Testing and significance
Julien Cornebise pointed me to this Guardian article that itself summarises the findings of a Nature Neuroscience article I cannot access. The core of the paper is that a large portion of comparative studies conclude to a significant difference between protocols when one protocol result is significantly different from zero and the other one(s) is(are) not… From a frequentist perspective (I am not even addressing the Bayesian aspects of using those tests!), under the null hypothesis that both protocols induce the same null effect, the probability of wrongly deriving a significant difference can be evaluated by
> x=rnorm(10^6) > y=rnorm(10^6) > sum((abs(x)<1.96)*(abs(y)>1.96)*(abs(x-y)<1.96*sqrt(2))) [1] 31805 > sum((abs(x)>1.96)*(abs(y)<1.96)*(abs(x-y)<1.96*sqrt(2))) [1] 31875 > (31805+31875)/10^6 [1] 0.06368
which moves to a 26% probability of error when x is drifted by 2! (The maximum error is just above 30%, when x is drifted by around 2.6…)

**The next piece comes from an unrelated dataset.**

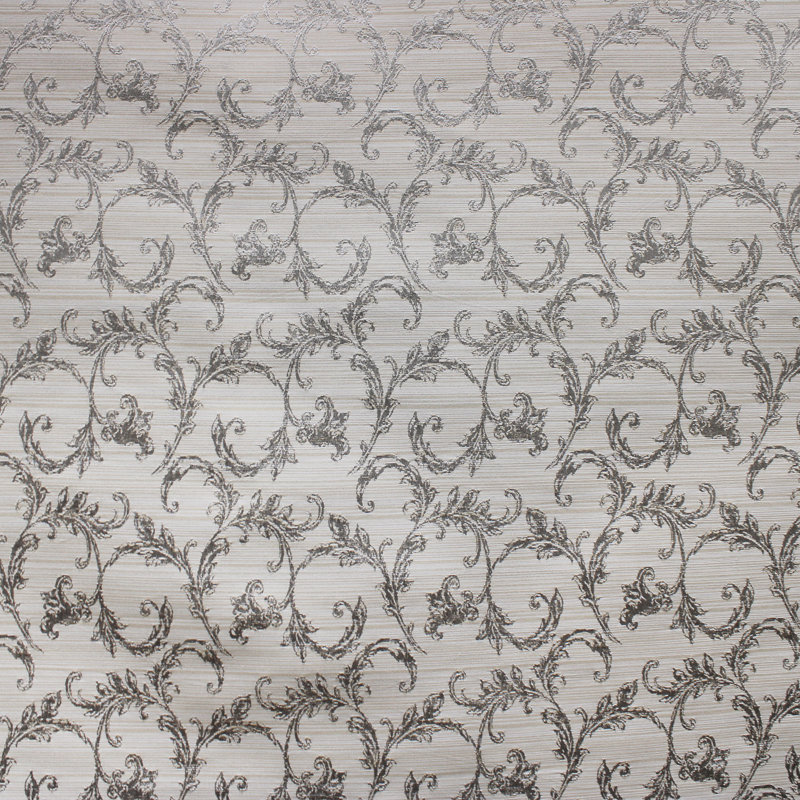 Floral Jacquard | Arbella Fabric, Silver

(This post was written before Super Andrew posted his own “difference between significant and not significant“! My own of course does not add much to the debate.)
September 20, 2011 at 12:11 am
[…] Cornebise has [once again!] pointed out a recent Guardian article. It is about commercial publishers of academic journals, […]
September 13, 2011 at 2:18 pm
The paper is available at the first author’s homepage: http://www.sandernieuwenhuis.nl/pdfs/NieuwenhuisEtAl_NN_Perspective.pdf
September 13, 2011 at 10:02 am
But if we shift x by 2, shouldn’t we change the way we calculate probability? If we shift x, we say that the null effect is then not zero, and in doing 10^6 experiments we should detect that.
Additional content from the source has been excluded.